第一章 転入生

聖ブリジッタ女子学園山陽校


 二〇〇一年四月六日の金曜日、山陽のある県庁所在地に校舎を構える、聖ブリジッタ女子学園山陽校の正門前に、一台のタクシーが止まりました。


 入学式の三日前の昼下がり、早春のやわらかい日差しの中、眩いばかりの美少女三人が降りて来たのです。


 部活に出てきていた少数の女生徒は、視線が釘付けになってしまいました。

 三人は人間離れした美しさで、特に年上の二人は威厳の様な物も漂わせています。


 聖ブリジッタ女子学園山陽校の制服を着ているので、生徒とは思われますが、誰一人として知らない少女達です。


 三人は事務室に入っていき、そのまま事務員に案内され校長室へ入っていきます。

 しばらくして三人の女教師が呼ばれ、さらにしばらくすると、三人の美少女は帰って行きました。
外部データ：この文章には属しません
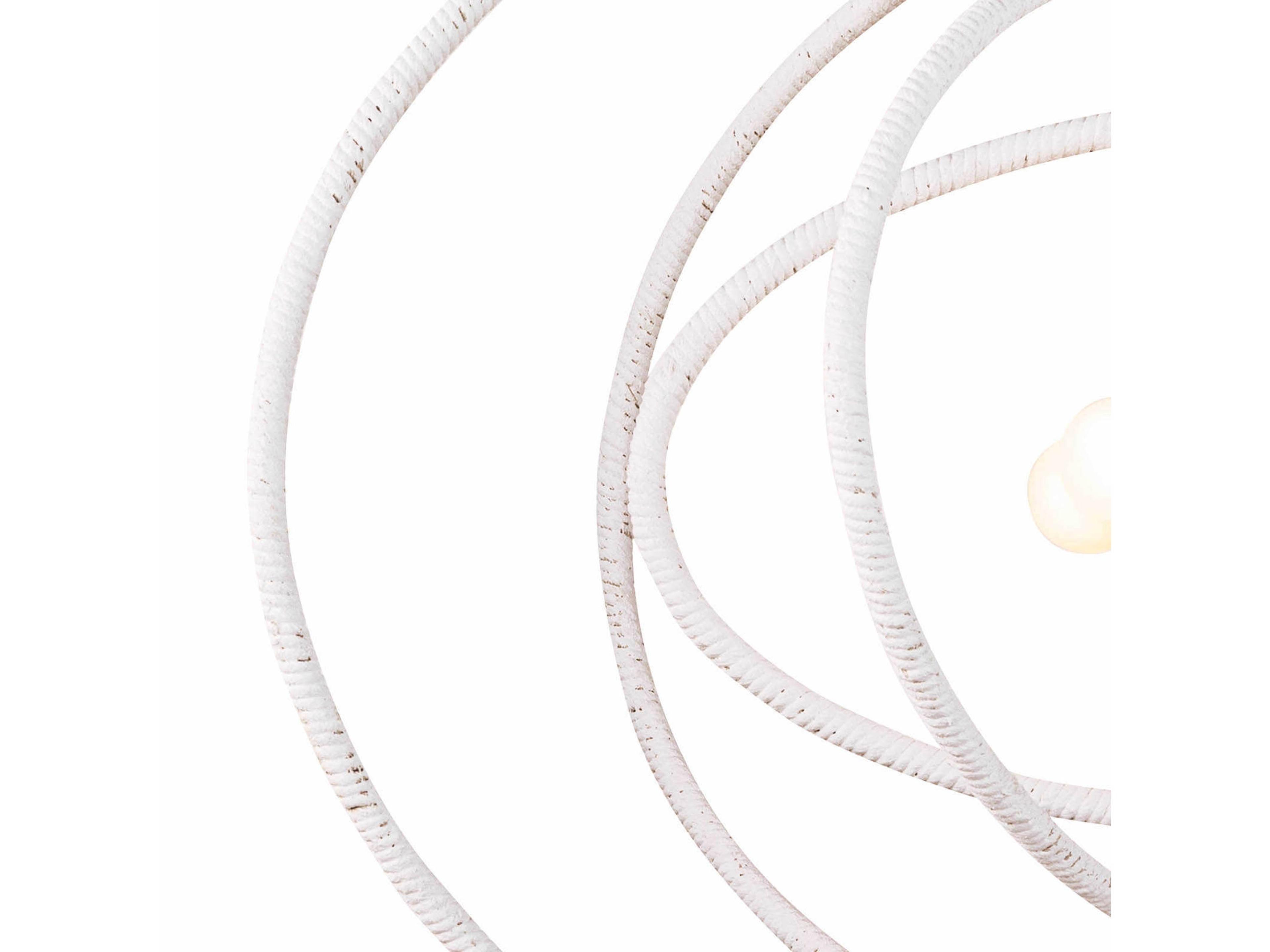 Regina Andrew 4-Light White Geometric Round Pendant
 今度は会議室に校長と教頭、三名の女教師、事務長、そして東京から来ていた学園長が集まっています。


「本当にこの成績なのですか?」

「間違いないとのことです」

「三名とも全科目満点ですか……」

「しかも三名とも五分ぐらいで解答し、一度も書き換えなかったようです」


「天才姉妹……しかも危険なぐらいの美しさ……転入を認めるのですか?」

「転入試験を満点とった以上、拒絶は出来ないでしょう」


 学園長が、

「吉川三姉妹の在籍は一年です、一年経てばアメリカへ行くそうです」


「こんなことを言うと不謹慎かも知れませんが、ご両親から絶大なご寄付をいただいています」

「多少のことは目をつぶるつもりでしたが、何処にもアラがありません」


「特に高校生の二人は尋常で無いのは、本人たちに会ったのでお分かりでしょう、しかも運動も万能だそうです」

「お母様のいわれるには、すこし変わり者とのことでした」


「あれだけ美しいと、生徒たちに悪い影響がおこりませんか?」

「しかし美貌を理由に転入拒否はできません」


「十日よりの転校を要請していますので、九日の入学式の後、クラスメートになる生徒たちに、よくいっていたほうがいいと思います」

「そうですね、それとなく伝えておきましょう、転入試験満点の件ぐらいは、言っておかなくては」


 入学式当日、それぞれの担任の授業で、

「そう言えば皆さん、明日、転校生が来られます、仲良くしてあげてくださいね」


「先生、その方って六日に来られていた三人の方ですか?」

「信じられないほど綺麗だったらその方でしょう、三姉妹だそうです」


「あまり似てなかったわね……」

「お母さんが違うとか……」

「聞けないわよね……先生、どうなのですか?」


「プライバシーについてはしゃべれません、でも一つだけ言っておきますが、三名とも転入試験は満点だったそうですよ」

「えぇぇぇぇ!」


 それぞれのクラスで、此の様な会話が繰り広げられたようですね。


 そして、いよいよ転校の日、朝から聖ブリジッタ女子学園山陽校は、なんとなくそわそわした雰囲気が覆っていました。